Add common resample code to stcal #279

mcara · 2024-08-08T13:37:28Z

This PR add the common resample code used by both JWST and Roman pipelines to stcal. Also, for the first time, this PR adopts the new drizzle API from spacetelescope/drizzle#134 for the resample code used in the pipelines.

This work is related to https://jira.stsci.edu/browse/AL-835

At this moment this is a very rough draft for illustration purpose. It should run with default arguments (except input_models and output file name can be specified; everything else is not guaranteed to work). There are no unit/regression tests and documentation may not match the code.

Checklist

added entry in CHANGES.rst (either in Bug Fixes or Changes to API)
updated relevant tests
updated relevant documentation
updated relevant milestone(s)
added relevant label(s)

codecov · 2024-08-08T13:42:20Z

Codecov Report

Attention: Patch coverage is 1.91939% with 511 lines in your changes missing coverage. Please review.

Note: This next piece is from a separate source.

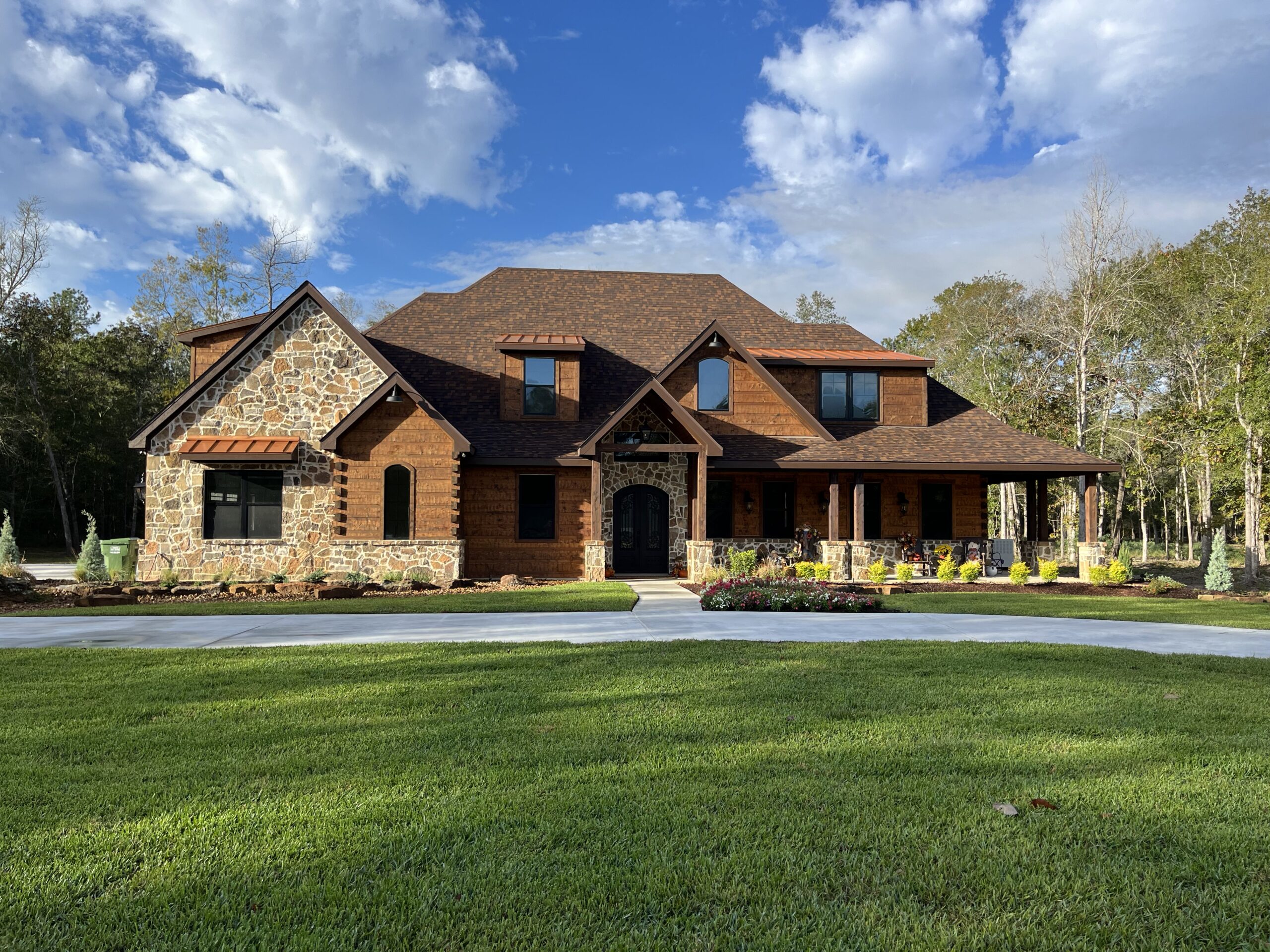 Mountain-Style Home in Dayton, TX. Mix of earth tones in stone, roofing, and log siding.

Project coverage is 80.54%. Comparing base (2112773) to head (a6ffe26).
Report is 148 commits behind head on main.

Files with missing lines	Patch %	Lines
src/stcal/resample/resample.py	1.73%	510 Missing ⚠️
src/stcal/resample/__init__.py	50.00%	1 Missing ⚠️

Additional details and impacted files

@@            Coverage Diff             @@
##             main     #279      +/-   ##
==========================================
- Coverage   84.32%   80.54%   -3.79%     
==========================================
  Files          41       48       +7     
  Lines        7529     9325    +1796     
==========================================
+ Hits         6349     7511    +1162     
- Misses       1180     1814     +634

☔ View full report in Codecov by Sentry.
📢 Have feedback on the report? Share it here.

kmacdonald-stsci · 2024-08-08T16:16:34Z

src/stcal/resample/resample.py

+
+    @abc.abstractmethod
+    def run(self):
+        ...


Instead of using ellipses, would it be better to raise and exception with a message saying "method not implemented"?

by marking it as an abstractmethod this is done automatically if you try to call it directly

kmacdonald-stsci · 2024-08-08T16:27:32Z

src/stcal/resample/utils.py

Is this file necessary? It is imported by only one other file. It is not a set of common functions shared among many files. It's two short functions.

braingram · 2024-08-23T14:18:20Z

Would you rebase this and add a drizzle dependency with the branch for spacetelescope/drizzle#134 so we can see the CI run?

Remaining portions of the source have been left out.